So how well would hemp grow in Oregon? According to a 1998 research 
paper by an Oregon State University crop and soil scientist, hemp is 
unlikely to become a major commodity in the Pacific Northwest.

For all the precipitation that befalls Oregon, not enough of it rains 
down during hemp's summer growing season, wrote OSU's Daryl Ehrensing.

Before federal drug laws and the advent of synthetic materials like 
nylon and petroleum-based plastics doomed hemp, it flourished in such 
Midwestern states as Kentucky and Wisconsin.

The same pattern has been playing out in Canada, where farmers have 
been legally growing hemp since 1998. Canada's breadbasket provinces, 
Manitoba and Saskatchawan, have produced 81 percent of that country's 
hemp crop. Westernmost British Columbia, with growing conditions more 
similar to Oregon, has produced 2 percent of Canadian hemp.

The old rule of thumb is that you can grow good hemp where you can 
grow good corn," Ehrensing said. "Look around the Northwest. How much 
corn do you see growing? Not much. There's a reason for that, and the 
same would be true for hemp."

But Ehrensing allowed that as long as growers in Oregon are willing 
to test the marketplace, hemp could prove a successful niche crop ­ 
especially for those with land with access to irrigation water in the 
Willamette Valley and in the Columbia River Basin.

Eugene's David Seber, a veteran of Oregon's industrial hemp movement, 
said much has changed since he first started working on 
particleboard, Fiberglas-like composite and other prototypes of 
hemp-based products in the early 1990s. Seber started out to find an 
alternative to wood-based products and reduce the need to log 
Northwest forests.

Now, worries about climate change have given hemp even more cache, he 
said, noting its potential as an alternative to petroleum-based fuel 
and plastic, as well as the plant's superior ability to capture 
carbon emissions, which contribute to global warming.

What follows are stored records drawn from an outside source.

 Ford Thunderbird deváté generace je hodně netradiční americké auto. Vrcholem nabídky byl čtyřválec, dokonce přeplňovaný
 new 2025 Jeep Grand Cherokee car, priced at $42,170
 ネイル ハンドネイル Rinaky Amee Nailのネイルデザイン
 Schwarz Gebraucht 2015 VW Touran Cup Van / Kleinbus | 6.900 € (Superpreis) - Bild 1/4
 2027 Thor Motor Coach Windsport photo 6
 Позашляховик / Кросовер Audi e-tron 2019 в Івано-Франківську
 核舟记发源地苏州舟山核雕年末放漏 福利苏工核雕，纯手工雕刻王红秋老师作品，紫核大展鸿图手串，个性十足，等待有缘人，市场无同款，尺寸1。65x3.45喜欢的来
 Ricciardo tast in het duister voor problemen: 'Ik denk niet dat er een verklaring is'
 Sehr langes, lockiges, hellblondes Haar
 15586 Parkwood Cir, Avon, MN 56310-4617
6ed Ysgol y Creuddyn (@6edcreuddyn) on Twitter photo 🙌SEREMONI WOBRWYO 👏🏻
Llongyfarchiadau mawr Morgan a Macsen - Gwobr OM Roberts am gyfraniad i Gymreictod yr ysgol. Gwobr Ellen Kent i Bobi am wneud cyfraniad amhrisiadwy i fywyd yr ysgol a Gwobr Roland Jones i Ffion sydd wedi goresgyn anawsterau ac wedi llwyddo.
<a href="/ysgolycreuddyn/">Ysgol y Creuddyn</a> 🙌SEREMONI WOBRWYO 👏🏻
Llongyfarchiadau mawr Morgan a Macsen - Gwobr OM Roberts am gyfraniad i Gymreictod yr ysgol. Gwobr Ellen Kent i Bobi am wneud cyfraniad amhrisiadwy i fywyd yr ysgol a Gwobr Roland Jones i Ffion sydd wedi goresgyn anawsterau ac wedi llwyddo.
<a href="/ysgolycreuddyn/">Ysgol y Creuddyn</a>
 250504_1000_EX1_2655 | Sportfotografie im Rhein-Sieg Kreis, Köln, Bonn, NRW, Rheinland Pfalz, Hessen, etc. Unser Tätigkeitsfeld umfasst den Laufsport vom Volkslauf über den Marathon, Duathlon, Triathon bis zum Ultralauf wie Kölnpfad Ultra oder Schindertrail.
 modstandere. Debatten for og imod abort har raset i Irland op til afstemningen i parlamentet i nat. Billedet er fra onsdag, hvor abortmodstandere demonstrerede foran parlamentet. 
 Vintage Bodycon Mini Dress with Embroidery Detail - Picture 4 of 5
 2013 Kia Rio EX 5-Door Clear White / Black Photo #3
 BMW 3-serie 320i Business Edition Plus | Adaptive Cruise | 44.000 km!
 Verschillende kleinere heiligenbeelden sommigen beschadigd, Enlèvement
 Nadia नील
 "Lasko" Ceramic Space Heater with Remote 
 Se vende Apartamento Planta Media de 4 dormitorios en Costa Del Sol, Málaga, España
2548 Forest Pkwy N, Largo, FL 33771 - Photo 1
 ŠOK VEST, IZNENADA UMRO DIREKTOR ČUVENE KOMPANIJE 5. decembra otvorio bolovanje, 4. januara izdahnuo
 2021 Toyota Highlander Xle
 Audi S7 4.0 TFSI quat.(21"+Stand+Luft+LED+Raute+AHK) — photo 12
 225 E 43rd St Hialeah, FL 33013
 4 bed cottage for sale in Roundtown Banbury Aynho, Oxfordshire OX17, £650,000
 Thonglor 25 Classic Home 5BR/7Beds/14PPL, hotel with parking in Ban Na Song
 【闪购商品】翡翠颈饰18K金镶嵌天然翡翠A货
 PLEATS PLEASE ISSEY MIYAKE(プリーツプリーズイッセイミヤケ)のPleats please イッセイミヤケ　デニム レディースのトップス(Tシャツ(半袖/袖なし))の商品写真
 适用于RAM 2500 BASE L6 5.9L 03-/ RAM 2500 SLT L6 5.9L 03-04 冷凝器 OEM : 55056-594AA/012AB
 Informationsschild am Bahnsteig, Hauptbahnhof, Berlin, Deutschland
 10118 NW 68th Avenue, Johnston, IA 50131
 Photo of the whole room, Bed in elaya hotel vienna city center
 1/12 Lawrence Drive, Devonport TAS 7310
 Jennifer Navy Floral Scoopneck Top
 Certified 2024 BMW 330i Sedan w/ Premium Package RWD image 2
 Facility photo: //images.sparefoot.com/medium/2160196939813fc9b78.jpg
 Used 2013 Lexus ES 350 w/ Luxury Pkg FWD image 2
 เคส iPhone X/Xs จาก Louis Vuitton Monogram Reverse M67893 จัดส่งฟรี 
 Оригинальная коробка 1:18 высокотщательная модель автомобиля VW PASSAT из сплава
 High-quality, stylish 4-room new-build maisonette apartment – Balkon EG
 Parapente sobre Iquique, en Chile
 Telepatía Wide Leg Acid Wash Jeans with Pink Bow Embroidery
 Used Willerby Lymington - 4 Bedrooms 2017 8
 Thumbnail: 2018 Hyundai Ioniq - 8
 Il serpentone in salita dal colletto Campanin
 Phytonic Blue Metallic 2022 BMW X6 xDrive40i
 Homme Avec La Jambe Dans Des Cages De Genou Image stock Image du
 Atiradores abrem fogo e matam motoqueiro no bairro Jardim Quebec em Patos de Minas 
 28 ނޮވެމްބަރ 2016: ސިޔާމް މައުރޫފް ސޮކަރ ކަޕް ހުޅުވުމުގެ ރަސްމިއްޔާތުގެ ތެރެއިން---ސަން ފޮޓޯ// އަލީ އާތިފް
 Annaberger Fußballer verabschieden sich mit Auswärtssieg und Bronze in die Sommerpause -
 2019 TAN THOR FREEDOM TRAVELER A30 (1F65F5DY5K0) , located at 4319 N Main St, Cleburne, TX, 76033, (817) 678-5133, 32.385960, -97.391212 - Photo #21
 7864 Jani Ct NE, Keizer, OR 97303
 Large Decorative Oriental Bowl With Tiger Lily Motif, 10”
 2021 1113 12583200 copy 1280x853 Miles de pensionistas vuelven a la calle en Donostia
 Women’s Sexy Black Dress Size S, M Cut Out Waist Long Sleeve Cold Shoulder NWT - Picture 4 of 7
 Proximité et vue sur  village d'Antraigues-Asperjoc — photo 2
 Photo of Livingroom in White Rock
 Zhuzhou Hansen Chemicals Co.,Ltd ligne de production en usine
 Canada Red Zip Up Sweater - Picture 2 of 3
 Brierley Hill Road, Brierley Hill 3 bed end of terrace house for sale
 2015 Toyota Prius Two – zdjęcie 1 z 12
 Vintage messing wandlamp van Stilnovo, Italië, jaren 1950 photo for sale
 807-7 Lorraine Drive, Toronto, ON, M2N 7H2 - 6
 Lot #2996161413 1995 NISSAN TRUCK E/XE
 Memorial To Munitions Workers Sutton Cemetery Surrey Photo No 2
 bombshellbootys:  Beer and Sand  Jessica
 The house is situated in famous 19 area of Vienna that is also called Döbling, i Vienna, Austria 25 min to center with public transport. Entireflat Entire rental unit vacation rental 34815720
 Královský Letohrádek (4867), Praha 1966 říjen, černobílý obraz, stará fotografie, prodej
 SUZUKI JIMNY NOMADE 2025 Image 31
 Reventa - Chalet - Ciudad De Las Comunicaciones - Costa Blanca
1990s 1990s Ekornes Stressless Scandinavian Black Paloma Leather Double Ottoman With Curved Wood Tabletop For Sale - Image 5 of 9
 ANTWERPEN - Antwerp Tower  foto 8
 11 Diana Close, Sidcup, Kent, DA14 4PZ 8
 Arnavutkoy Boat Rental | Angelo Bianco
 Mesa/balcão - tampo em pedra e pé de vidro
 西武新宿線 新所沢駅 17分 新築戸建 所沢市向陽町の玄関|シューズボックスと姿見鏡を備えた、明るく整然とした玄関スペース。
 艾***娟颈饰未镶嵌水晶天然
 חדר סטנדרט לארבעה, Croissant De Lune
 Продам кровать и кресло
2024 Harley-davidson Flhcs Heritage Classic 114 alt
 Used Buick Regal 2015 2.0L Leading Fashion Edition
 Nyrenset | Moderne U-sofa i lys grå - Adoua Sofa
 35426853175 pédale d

Tom Murphy, spokesman for the Hemp Industries Association, said 
Oregon may prove an attractive place to grow hemp because, like the 
rest of the region, it has several hubs of hemp product manufacturing 
and consumption. Besides Eugene's Merry Hempsters and Earthbound 
Creations, similar businesses in Portland and Ashland are 
contributing to the estimated $113 million in North American annual 
retail sales by companies affiliated with his hemp trade association.

The West Coast, Oregon, Washington, California, is a huge marketplace 
for hemp production," Murphy said. "And having it grown near the 
marketplace would be a huge advantage over growing it in North Dakota, say."

HEMP FACTS

George Washington and other founding Americans cultivated hemp.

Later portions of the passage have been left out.